• What is being asked:
Search the entries for the word "Dress". Copy every line where it turns up.

• Data section:
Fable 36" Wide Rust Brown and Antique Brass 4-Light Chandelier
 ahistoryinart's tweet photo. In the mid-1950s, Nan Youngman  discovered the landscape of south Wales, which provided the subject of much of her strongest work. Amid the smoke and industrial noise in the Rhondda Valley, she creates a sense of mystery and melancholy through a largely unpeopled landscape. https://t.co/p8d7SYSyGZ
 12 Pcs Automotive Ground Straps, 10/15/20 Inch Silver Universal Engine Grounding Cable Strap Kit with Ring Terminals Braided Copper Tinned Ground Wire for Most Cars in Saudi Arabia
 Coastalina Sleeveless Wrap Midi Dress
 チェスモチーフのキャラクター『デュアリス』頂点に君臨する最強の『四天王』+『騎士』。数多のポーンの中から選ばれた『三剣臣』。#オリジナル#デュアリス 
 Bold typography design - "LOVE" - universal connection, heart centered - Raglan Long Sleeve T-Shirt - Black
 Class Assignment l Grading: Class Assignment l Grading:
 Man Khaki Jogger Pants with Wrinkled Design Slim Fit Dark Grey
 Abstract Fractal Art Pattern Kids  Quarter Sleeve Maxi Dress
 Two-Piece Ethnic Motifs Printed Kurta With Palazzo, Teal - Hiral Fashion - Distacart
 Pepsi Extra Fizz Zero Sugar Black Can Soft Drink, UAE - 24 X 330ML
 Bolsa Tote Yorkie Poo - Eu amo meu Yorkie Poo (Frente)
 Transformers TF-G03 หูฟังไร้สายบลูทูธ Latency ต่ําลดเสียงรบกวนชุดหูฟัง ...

• Task solution:
 Coastalina Sleeveless Wrap Midi Dress
 Abstract Fractal Art Pattern Kids  Quarter Sleeve Maxi Dress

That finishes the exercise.